I had just settled in for a steaming bowl of pho gà, the national breakfast of Vietnam, when my lovely wife Mary pointed behind me and said, “Hey look, the red carpet.”
We were one week and thousands of miles from American culture, so it took me a while to understand what she was saying. The red carpet? What is that, the mausoleum housing Ho Chi Minh’s pubes?
But I looked around and there, on a TV behind me, was the red carpet ceremony for the Academy Awards. It was a Monday morning in Hanoi and Sunday night in the states, and I realized we were watching the Oscars live at breakfast (which frankly is a much better time of day to watch it if you want to be able to stay awake until the end).
We were in Southeast Asia to visit Mary’s brother Bill, who is a university professor in Bangkok. After a week in Thailand, we caught a quick and cheap one-hour flight to Hanoi to visit Bill’s friends Thanh and Van, who teach at Vietnam National University.
Most of our trip until then had been TV-free, and we had visited several Buddhist temples, ancient palaces and exotic markets. So it is an understatement to say that it was kind of surreal to slurp my pho and watch Seth MacFarlane sing about celebrity boobs.
Pho, if you’ve never tasted it, is one of the world’s greatest comfort foods: Mom’s chicken noodle soup, but spiced with star anise and basil and fish sauce and lime and kicked up to Asian heat levels. Most Americans eat it for lunch or dinner, but Vietnamese eat it for breakfast … and lunch and dinner. (Unlike a lot of Asian foods, you can find delicious, authentic pho in lots of restaurants in Louisville, including Vietnam Kitchen, Annie’s Café, Saigon Café, Café Mimosa and Heart & Soy.)

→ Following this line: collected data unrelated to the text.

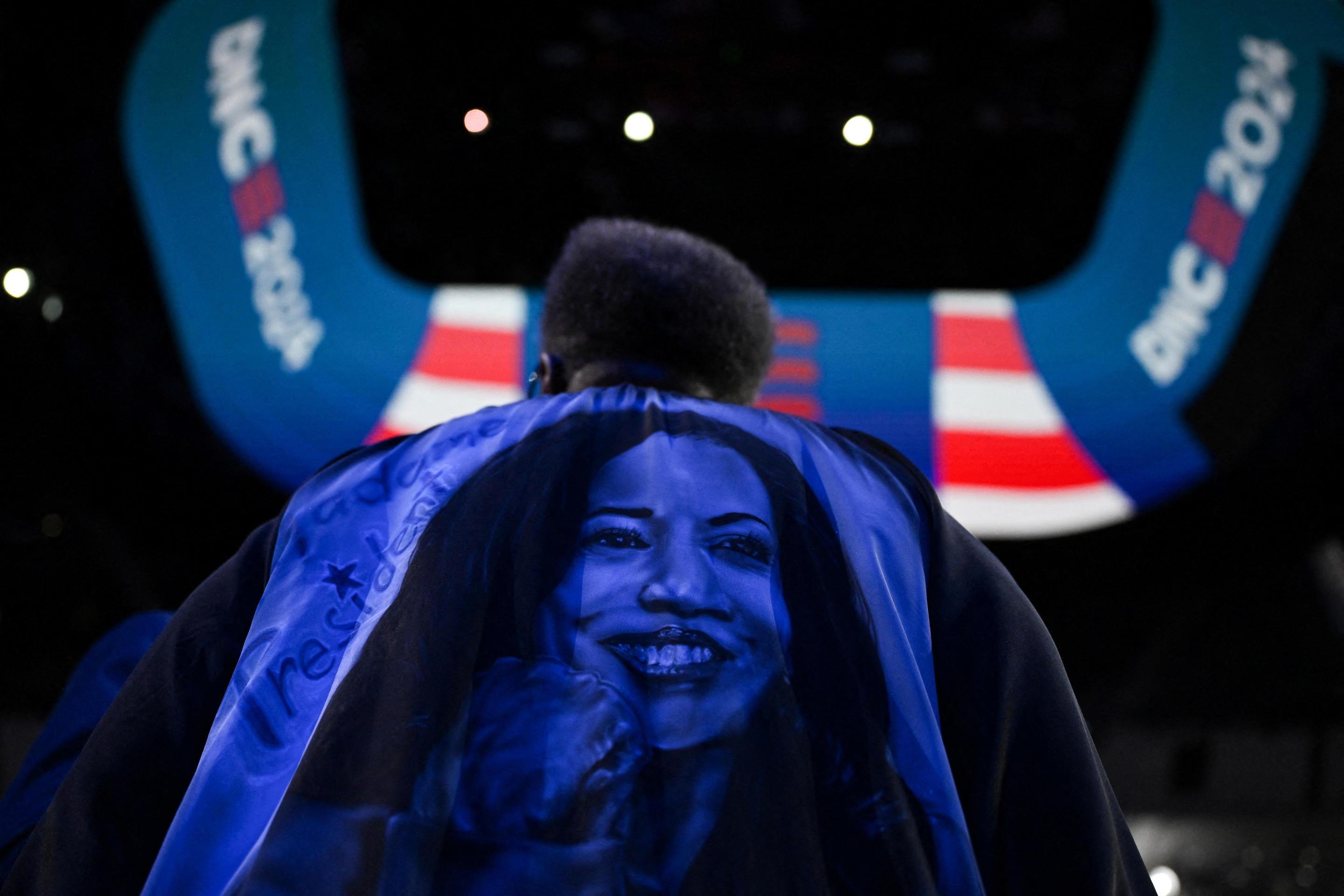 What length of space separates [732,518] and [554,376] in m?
0.33

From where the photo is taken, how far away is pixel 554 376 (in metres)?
1.05

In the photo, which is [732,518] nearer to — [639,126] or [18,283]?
[639,126]

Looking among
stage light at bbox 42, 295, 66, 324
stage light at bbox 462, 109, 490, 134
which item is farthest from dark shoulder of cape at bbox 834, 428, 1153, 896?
stage light at bbox 42, 295, 66, 324

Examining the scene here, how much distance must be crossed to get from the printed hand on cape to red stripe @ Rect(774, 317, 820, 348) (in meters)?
1.77

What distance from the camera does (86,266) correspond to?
232 cm

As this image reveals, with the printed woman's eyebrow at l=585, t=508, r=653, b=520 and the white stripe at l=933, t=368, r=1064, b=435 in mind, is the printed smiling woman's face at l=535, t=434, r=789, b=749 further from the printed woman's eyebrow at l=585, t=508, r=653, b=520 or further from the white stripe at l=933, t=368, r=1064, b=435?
the white stripe at l=933, t=368, r=1064, b=435

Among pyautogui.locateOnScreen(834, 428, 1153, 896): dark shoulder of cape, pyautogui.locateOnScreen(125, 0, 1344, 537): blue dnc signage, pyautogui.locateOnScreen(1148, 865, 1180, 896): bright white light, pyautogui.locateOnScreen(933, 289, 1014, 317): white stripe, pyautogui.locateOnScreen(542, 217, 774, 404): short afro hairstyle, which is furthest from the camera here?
pyautogui.locateOnScreen(1148, 865, 1180, 896): bright white light

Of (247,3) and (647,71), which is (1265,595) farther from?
(247,3)

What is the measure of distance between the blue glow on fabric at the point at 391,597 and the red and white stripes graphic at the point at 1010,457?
1500mm

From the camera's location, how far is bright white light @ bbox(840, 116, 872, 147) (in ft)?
7.56

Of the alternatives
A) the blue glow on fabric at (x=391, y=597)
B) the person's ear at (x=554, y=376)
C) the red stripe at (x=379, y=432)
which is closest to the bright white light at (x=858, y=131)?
the red stripe at (x=379, y=432)

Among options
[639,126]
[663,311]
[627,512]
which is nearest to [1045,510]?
[639,126]

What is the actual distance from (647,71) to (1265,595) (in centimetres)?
190

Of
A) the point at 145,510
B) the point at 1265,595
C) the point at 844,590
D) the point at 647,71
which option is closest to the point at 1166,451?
the point at 1265,595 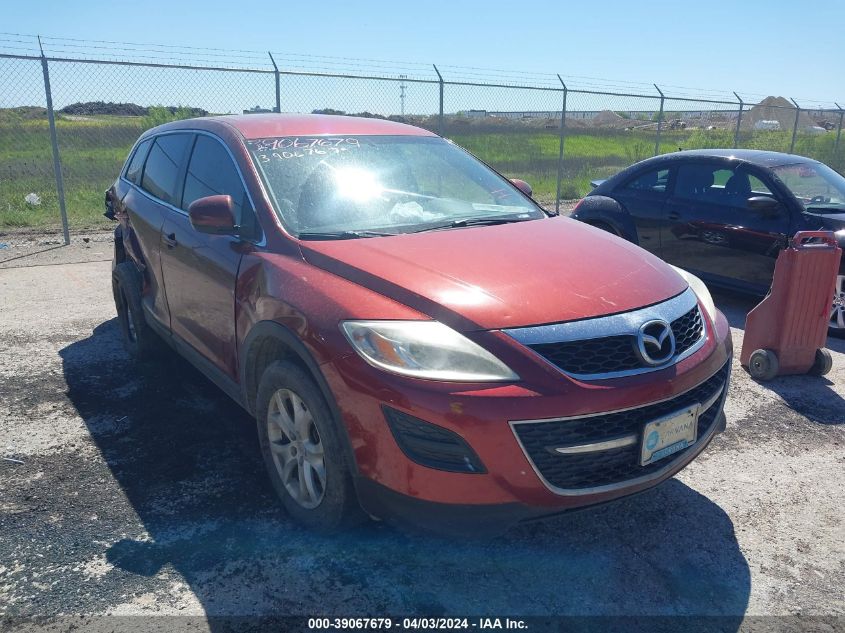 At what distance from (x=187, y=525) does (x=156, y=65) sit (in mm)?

But there’s nothing like eating pho in Hanoi’s quaint and historic Old Quarter. Here tourists rub elbows with fashionable Hanoi hipsters at food stalls that line the surprisingly European-looking squares, while a seemingly infinite number of motorbikes whir past. French cafés, a legacy of the colonial era, sell bánh mì and espresso, while tourist traps peddle tchotchkes, silk and statuettes of the Buddha. The Quarter is also home to the gorgeous Hoan Kiem Lake, where lovers stroll and old women invite westerners to join them in their Tai Chi.
One day, while we sipped espressos and honed our Confucianism, we saw a man come into the street and burn what appeared to be fake money. Van later explained that he was taking part in a ritual of ancient folklore on the first day of the lunar month: making an offering of “ghost money” to his dead ancestors. Besides money, some believers burn images of other items they think their ancestors would like. The most popular current item to burn is a picture of an iPad. I briefly considered burning an iPad for my dad, but I was afraid he’d tweet me from the afterlife and tell me to get a haircut.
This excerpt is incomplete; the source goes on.